CUNY Professor Discusses Vigilantism and Rights in Post-Apartheid South Africa

CUNY+Professor+Discusses+Vigilantism+and+Rights+in+Post-Apartheid+South+Africa

City University of New York Professor of Political Science Nicholas Rush Smith held a lecture discussing his ethnographic fieldwork in South Africa, the topic of his 2019 book “Contradictions of Democracy: Vigilantism and Rights in Post-Apartheid South Africa.” Smith’s lecture, sponsored by the Department of Political Science’s Kulla Lecture Fund, held on Thursday, March 5, examined the current acts of vigilante violence in South Africa, as well as issues with the country’s legal and judicial systems.

Smith is also a Senior Research Associate of Sociology at the University of Johannesburg, focusing on politics and crime in South Africa which has led him to conduct in-depth research in numerous South African cities for both his dissertation and book. Smith spent over 20 months interviewing South Africans and talking to local men who have been involved in acts of violence or petty crime through his fieldwork. By uncovering local narratives and investigating personal stories, Smith formed meaningful bonds with his interviewees and sources.

His research practices are what eventually drew Smith’s attention to the problem of vigilante acts of violence in South Africa.

“So many of the people I encountered were really concerned about crime, violence and insecurity in their own lives. The topic found me,” Smith said.

Smith gained insight on some of the underlying issues of the South African legal system and the local response to post-apartheid conditions in particular communities. In sharing these experiences and findings with Colgate students, Smith began his lecture with a short example of the extreme violence perpetrated by local citizens in South Africa. He focused on a local incident that occurred on Nov. 1, 2006, when a rape victim aided South African police in identifying her two suspected rapists. After the rape victim identified the men, the entire village mobilized. The whole community incited a violent riot, demanded to be given the rapists, and eventually castrated and displayed their dead bodies. 

This story provided insight into the pervasiveness of vigilante violence in South Africa and provided the basis for much of Smith’s presentation on the underlying structural barriers to justice and the legal inequalities faced by citizens. 

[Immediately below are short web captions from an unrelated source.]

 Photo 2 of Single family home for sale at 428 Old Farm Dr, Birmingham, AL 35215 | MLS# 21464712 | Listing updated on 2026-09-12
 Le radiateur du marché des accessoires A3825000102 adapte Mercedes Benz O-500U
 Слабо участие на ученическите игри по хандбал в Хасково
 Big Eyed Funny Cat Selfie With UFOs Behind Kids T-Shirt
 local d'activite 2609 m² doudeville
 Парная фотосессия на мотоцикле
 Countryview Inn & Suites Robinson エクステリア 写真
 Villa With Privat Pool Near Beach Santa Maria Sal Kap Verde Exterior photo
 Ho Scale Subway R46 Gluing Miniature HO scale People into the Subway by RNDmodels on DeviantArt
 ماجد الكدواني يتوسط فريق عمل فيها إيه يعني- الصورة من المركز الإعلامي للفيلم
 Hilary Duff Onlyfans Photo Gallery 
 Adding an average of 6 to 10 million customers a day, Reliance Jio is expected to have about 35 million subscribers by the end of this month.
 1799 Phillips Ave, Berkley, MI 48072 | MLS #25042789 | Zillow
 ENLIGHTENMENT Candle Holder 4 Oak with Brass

Smith explained that these common acts of violence by everyday people prove that valid democratic practices can often lead to immense institutional failure. In the case of South Africa, citizens do not have confidence in the viability of the legal system and therefore decide to take the law into their own hands. According to Smith, many South Africans believe “the criminal has more rights than the victim” in the eyes of the current legal system. 

Additionally, Professor Smith claimed that in the wake of Apartheid, South Africans are experiencing a sense of empowerment, leading to popular activism that has proven capable to alter the actions and policies of an oppressive government.

First-year student Edi Dukesherer is currently in Professor Mark Stern’s “Benton Colonial Afterlives” course and asked about the relationship between race and the South African police force within the context of Smith’s past research. Smith explained to Dukesherer that the police force racially reflected the South African population equally, and, unlike in the United States, acts of violence are not usually framed within a racial perspective of police brutality. 

In his continued comparison to the U.S., Professor Smith provided statistics claiming that approximately five to ten percent acts of violence committed in South Africa each year are due to vigilante actions. While this means that over 800 people are killed each year as a result of this cultural phenomenon, the numbers pale in comparison to lynching in southern U.S. during the late 19th century. Within a fifty- to sixty-year period following the emancipation of slaves, the U.S. was witness to lynching of between 4,000 to 4,500 people due to vigilante actions. 

Although acts of vigilante violence can be found all over the world, Smith decided to focus his studies on South Africa because of the country’s “extraordinary transition to democracy and its amazing flowering of freedom.” 

“South Africa has made me much more attuned to the inequalities and injustices that take place in the United States and I think it is important for students to understand the importance of being active citizens and active thinkers about the communities from which they come,” Smith said.